Amtsgericht Dortmund Beschluss, 31. Aug. 2016 - 306 III 15/16

Gericht
Tenor
Der Antrag auf Änderung des Vornamens und der Feststellung der Zugehörigkeit zum weiblichen Geschlecht wird zurückgewiesen.
Der Gegenstandswert wird auf 5.000,- € festgesetzt.
1
Gründe:
2Der Antrag war zurückzuweisen, da die Voraussetzungen des § 4 Abs. 3 TSG nicht erfüllt sind, wonach Gutachten von zwei Sachverständigen mit Erfahrung auf dem Gebiet des Transsexualismus einzuholen sind.
3Dies war im vorliegenden Fall nicht möglich, denn die antragstellende Person hat mitgeteilt, die Begutachtung durch Sachverständige abzulehnen. Ohne die Mitwirkung der antragstellenden Person kann eine ordnungsgemäße Begutachtung nicht durchgeführt werden.

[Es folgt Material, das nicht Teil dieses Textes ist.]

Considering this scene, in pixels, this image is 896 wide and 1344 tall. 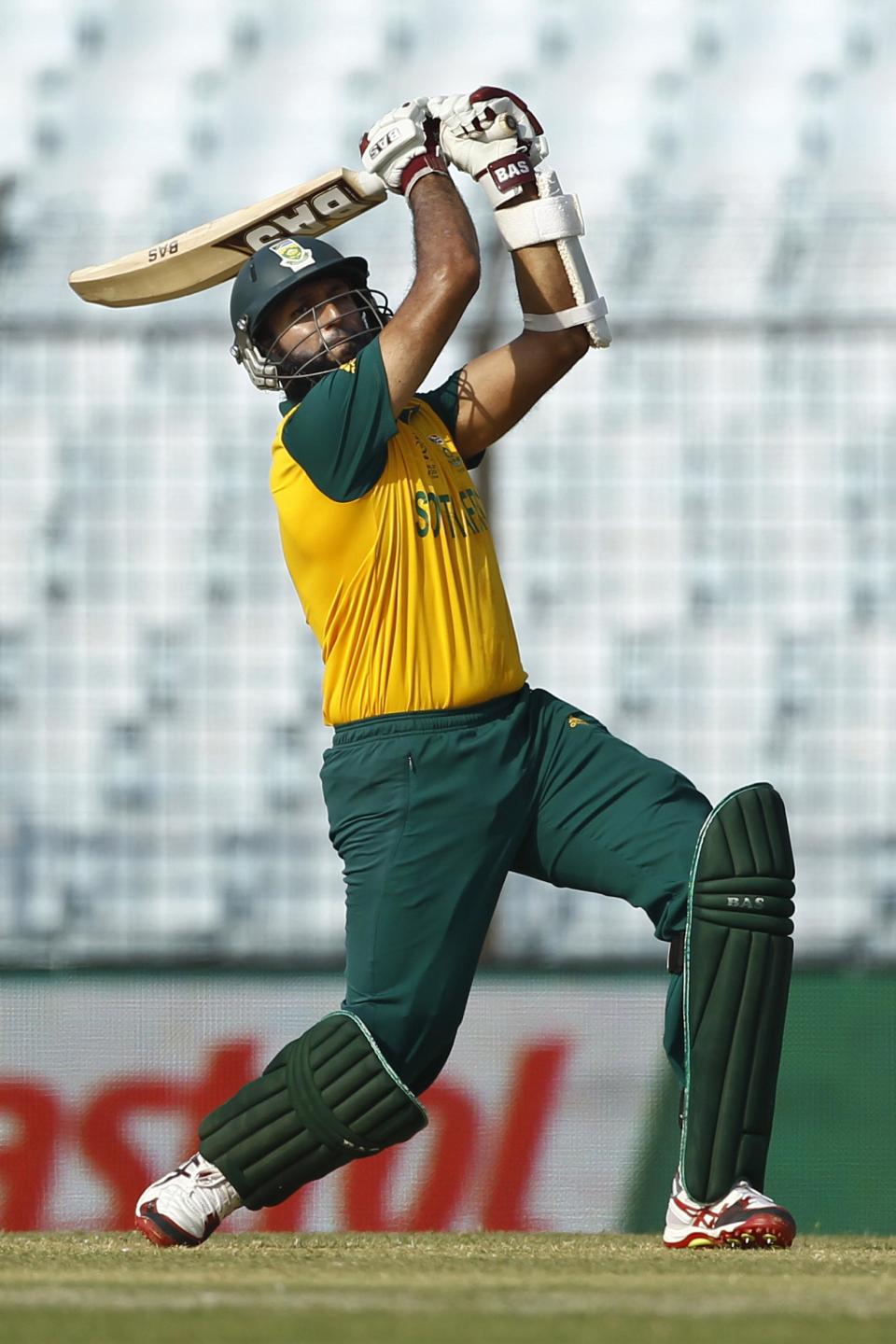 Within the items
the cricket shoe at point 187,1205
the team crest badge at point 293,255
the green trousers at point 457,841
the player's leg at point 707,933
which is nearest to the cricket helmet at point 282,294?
the team crest badge at point 293,255

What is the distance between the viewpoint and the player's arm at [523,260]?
15.3 ft

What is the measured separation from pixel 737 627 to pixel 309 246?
2.99 metres

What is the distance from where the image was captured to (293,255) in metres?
4.63

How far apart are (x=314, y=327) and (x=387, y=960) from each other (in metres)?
1.30

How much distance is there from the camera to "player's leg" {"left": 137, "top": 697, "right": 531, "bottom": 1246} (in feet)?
14.4

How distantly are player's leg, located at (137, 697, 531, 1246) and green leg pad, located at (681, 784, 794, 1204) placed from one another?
0.41 metres

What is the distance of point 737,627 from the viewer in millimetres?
7289

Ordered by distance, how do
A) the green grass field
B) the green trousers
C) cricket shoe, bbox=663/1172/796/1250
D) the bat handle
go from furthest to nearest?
the bat handle → the green trousers → cricket shoe, bbox=663/1172/796/1250 → the green grass field

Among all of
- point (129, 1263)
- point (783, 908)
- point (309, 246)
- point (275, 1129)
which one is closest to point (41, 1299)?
point (129, 1263)

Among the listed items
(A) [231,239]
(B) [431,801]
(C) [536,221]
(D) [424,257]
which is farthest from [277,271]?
(B) [431,801]

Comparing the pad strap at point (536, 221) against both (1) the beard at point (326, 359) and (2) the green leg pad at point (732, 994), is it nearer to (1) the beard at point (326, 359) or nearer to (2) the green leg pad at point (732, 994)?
(1) the beard at point (326, 359)

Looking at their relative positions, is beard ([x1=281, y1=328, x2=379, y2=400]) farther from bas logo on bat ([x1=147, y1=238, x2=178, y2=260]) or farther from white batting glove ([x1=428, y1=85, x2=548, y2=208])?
bas logo on bat ([x1=147, y1=238, x2=178, y2=260])

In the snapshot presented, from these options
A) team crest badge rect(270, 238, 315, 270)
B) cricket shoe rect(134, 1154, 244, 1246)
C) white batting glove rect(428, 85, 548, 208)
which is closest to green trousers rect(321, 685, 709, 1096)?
cricket shoe rect(134, 1154, 244, 1246)

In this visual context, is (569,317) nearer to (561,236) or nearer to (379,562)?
(561,236) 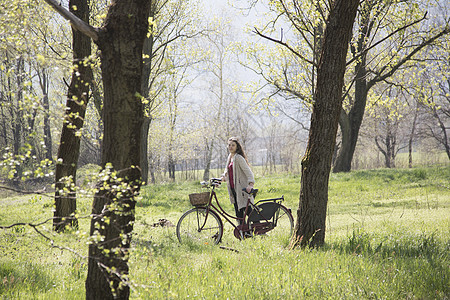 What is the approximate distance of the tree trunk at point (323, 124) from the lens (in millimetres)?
5367

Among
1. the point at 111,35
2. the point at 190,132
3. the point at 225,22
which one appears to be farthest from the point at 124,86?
the point at 190,132

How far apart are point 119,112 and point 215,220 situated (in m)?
4.23

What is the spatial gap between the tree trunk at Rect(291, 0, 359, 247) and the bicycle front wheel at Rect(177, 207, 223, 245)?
1.78 meters

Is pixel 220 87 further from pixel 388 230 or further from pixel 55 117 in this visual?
pixel 55 117

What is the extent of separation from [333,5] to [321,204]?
3087 millimetres

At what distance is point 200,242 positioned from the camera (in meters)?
6.68

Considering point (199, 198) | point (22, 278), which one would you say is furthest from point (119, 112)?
point (199, 198)

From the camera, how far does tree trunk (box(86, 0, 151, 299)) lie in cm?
310

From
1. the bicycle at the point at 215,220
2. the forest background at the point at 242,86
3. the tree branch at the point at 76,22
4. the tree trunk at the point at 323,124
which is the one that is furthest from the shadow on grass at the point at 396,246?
the tree branch at the point at 76,22

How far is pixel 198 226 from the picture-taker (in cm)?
680

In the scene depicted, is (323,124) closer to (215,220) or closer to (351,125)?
(215,220)

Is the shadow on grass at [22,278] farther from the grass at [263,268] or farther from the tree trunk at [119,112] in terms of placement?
the tree trunk at [119,112]

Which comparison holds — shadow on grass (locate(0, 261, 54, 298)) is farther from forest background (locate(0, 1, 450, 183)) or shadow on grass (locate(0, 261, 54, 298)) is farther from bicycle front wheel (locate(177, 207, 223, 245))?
forest background (locate(0, 1, 450, 183))

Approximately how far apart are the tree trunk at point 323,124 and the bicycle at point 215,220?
0.75m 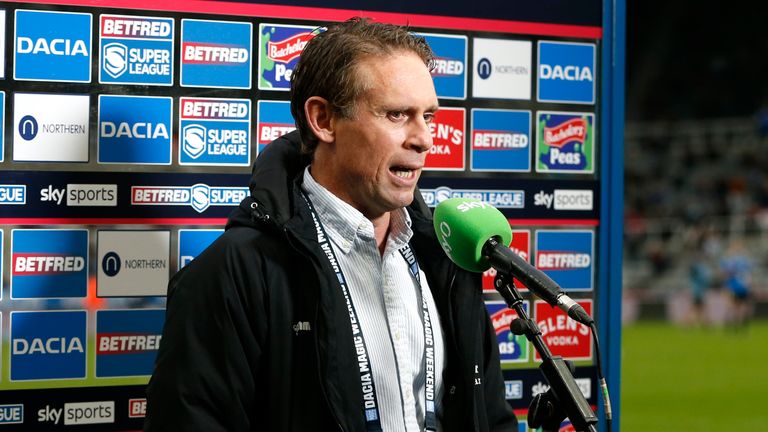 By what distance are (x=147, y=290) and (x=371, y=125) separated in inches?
43.3

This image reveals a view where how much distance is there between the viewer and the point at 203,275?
94.3 inches

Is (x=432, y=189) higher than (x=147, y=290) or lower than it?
higher

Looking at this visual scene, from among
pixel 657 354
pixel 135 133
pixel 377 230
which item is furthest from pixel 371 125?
pixel 657 354

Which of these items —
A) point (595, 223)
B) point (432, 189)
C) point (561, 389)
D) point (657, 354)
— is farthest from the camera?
point (657, 354)

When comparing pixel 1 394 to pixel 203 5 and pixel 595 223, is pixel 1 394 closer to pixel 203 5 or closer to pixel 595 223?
pixel 203 5

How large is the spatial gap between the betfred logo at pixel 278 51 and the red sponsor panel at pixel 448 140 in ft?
1.67

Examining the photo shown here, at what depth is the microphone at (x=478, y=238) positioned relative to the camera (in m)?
2.21

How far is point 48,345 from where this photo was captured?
3148 mm

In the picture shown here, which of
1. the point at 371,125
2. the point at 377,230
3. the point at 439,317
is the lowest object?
the point at 439,317

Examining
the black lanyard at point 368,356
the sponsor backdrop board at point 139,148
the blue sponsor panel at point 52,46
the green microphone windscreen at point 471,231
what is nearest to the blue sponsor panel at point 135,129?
the sponsor backdrop board at point 139,148

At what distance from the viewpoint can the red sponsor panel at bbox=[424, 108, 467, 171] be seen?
359cm

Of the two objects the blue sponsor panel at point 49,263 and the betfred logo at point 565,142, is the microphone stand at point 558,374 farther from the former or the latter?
the betfred logo at point 565,142

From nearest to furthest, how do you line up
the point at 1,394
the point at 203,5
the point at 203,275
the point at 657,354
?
1. the point at 203,275
2. the point at 1,394
3. the point at 203,5
4. the point at 657,354

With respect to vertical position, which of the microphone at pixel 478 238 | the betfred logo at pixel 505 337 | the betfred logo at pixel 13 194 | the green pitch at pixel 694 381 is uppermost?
the betfred logo at pixel 13 194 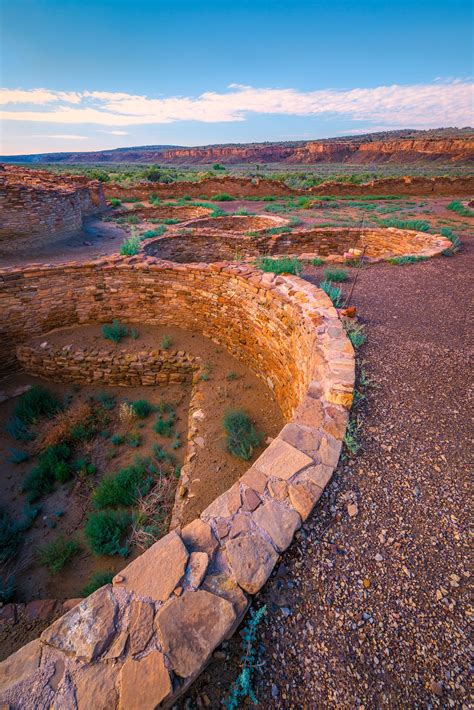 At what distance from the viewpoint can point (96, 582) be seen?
3.16 m

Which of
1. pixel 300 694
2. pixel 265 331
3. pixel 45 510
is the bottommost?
pixel 45 510

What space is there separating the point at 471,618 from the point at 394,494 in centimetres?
68

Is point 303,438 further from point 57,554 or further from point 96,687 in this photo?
point 57,554

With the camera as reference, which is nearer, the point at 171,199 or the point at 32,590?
the point at 32,590

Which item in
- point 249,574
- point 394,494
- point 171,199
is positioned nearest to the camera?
point 249,574

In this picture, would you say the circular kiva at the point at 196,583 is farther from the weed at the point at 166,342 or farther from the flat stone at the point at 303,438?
the weed at the point at 166,342

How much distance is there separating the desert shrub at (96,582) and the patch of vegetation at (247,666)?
7.71 feet

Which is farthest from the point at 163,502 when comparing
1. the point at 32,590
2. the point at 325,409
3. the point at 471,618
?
the point at 471,618

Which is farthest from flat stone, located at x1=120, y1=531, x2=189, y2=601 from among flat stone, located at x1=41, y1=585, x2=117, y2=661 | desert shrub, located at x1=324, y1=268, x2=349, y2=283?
desert shrub, located at x1=324, y1=268, x2=349, y2=283

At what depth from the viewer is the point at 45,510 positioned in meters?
4.25

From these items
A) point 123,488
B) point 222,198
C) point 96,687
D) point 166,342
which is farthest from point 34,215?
point 222,198

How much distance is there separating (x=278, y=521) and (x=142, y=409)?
4026 mm

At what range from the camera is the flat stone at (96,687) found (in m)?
1.26

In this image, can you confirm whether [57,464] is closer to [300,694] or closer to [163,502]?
[163,502] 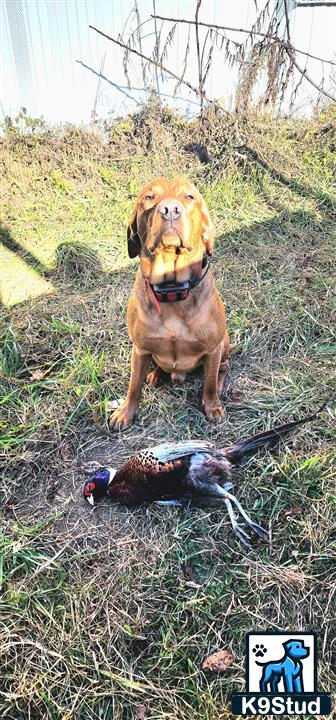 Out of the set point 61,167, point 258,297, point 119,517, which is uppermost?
point 61,167

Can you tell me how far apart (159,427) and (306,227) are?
289 cm

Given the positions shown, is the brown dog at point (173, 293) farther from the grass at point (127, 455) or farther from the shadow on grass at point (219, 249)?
the shadow on grass at point (219, 249)

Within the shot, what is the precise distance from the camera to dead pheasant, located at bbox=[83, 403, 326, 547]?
2.18 meters

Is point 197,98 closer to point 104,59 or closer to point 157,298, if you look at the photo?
point 104,59

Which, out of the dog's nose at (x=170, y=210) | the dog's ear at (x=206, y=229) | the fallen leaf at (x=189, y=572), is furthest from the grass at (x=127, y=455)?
the dog's nose at (x=170, y=210)

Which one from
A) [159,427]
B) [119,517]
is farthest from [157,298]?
[119,517]

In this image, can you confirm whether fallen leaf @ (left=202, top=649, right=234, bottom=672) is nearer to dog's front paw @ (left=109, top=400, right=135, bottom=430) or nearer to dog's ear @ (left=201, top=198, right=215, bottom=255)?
dog's front paw @ (left=109, top=400, right=135, bottom=430)

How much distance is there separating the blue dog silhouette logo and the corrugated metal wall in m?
5.29

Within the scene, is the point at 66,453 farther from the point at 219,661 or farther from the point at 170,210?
the point at 170,210

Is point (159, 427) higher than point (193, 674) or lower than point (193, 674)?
higher

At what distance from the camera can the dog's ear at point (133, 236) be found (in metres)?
2.16

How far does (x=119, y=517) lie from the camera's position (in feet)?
7.36

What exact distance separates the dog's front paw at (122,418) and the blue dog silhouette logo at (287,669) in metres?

4Zwar hat die antragstellende Person vorgetragen, dass sämtliche Voraussetzungen der § 1, 8 TSG erfüllt seien. Die Einholung der Gutachten ist jedoch unabdingbare Voraussetzung für eine Vornamensänderung und eine Feststellung der Geschlechtszugehörigkeit nach dem TSG.
5I.
6Diese Voraussetzung ist entgegen dem Vortrag der antragstellenden Person verfassungsgemäß.
71.
8Es liegt kein ungerechtfertigter Eingriff in die Rechte aus Art. 2 I i.V.m. Art. 1 I GG vor.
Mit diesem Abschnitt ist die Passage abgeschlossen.